My greatest tip for other students considering school leaver programs would be to do your research. You first need to consider what you want to do, and I would recommend utilising online quizzes to help steer you in the right direction. After you know this, research the best avenue to obtain this ‘dream job’. For a great deal of them, there are a multitude of fantastic apprenticeship programs that give you one of the best starts to enter this career. It’s your job though to find them, and I recommend applying for them as soon as you can as the recruitment process can take up to a year for major businesses.
What has your career journey at IBM looked like so far?
Since starting at IBM I have been working on a conversation project, training and assisting in the creation of a chat bot, for over seven months. This has been really fascinating and I have learnt a great deal about how Watson works, as well as the programs Watson Assistant and Conversation Studio. I have also made many great contacts within this practise, as well as Robotics Process Automation, and intend to develop on Cognitive projects for the remainder of my apprenticeship.
What hints and tips would you pass on to a student about to start the IBM Recruitment Process?
My best advice for people starting the IBM apprenticeship recruitment process would be to differentiate yourself from other applicants. A great way to do this is through considering why you want to join IBM – what projects have they done that interest you? If you can demonstrate a real excitement for the company, and the solutions they build, it will reflect very well in interviews. This can even influence the later projects that you are assigned to! For example, due to my enthusiasm for Watson, I was chosen to be placed on a Cognitive/AI project!
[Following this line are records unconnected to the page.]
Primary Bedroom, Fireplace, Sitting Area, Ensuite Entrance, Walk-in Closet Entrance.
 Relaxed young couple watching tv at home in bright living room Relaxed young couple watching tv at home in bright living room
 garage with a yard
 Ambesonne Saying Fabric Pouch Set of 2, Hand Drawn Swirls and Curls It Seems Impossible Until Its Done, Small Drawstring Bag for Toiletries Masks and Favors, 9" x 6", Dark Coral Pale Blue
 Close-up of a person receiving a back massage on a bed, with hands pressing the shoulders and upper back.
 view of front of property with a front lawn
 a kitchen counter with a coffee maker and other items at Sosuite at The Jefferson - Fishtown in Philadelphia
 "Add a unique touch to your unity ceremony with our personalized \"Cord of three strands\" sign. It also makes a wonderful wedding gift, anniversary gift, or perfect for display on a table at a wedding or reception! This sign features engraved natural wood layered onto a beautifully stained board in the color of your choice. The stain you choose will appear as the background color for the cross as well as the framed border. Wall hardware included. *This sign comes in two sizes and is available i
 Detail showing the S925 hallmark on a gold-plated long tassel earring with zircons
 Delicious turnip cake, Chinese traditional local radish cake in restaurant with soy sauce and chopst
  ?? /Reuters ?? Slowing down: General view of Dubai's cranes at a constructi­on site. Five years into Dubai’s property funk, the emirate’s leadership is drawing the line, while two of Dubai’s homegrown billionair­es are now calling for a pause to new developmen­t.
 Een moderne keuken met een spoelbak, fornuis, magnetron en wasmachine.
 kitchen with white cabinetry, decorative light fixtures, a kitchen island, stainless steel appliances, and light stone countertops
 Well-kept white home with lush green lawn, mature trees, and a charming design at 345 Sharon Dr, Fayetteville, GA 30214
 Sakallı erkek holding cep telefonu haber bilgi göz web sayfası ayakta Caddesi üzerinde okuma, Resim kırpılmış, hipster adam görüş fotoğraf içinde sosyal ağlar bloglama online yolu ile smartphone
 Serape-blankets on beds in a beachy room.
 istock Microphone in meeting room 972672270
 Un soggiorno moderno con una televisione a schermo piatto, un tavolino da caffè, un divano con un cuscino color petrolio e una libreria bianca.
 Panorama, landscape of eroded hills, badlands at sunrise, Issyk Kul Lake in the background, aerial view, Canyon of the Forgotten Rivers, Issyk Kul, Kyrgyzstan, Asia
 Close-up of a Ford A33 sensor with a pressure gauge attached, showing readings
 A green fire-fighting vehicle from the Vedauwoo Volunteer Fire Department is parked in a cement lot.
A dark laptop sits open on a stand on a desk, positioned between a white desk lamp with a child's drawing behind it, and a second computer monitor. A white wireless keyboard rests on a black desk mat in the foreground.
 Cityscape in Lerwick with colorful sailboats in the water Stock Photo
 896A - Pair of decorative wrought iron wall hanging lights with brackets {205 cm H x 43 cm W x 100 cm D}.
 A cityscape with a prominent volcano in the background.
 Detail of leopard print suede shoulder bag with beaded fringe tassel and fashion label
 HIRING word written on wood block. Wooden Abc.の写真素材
What’s the best thing about your job?
The best thing about being a Conversation Analyst is getting to understand how Watson Natural Language Processing works in detail. This is the technology which enables computers to understand unstructured data, which comprises over 80% of all information. Getting the opportunity to understand this, shaping it to fit client’s needs and seeing this solution deliver immense value, is a very rewarding experience that makes me excited to go to work.
What’s the best thing about being at IBM?
I think the best thing about IBM is it’s innovation. It has obtained more patents than any other company for the past 25 consecutive years, with a record 9043 patents in 2017. As a result, IBMers work on exciting, cutting edge technology that is changing today’s world. It makes the work we do very exciting, the culture we live in agile and dynamic, and finally pushes us to think outside of the box and challenge ourselves.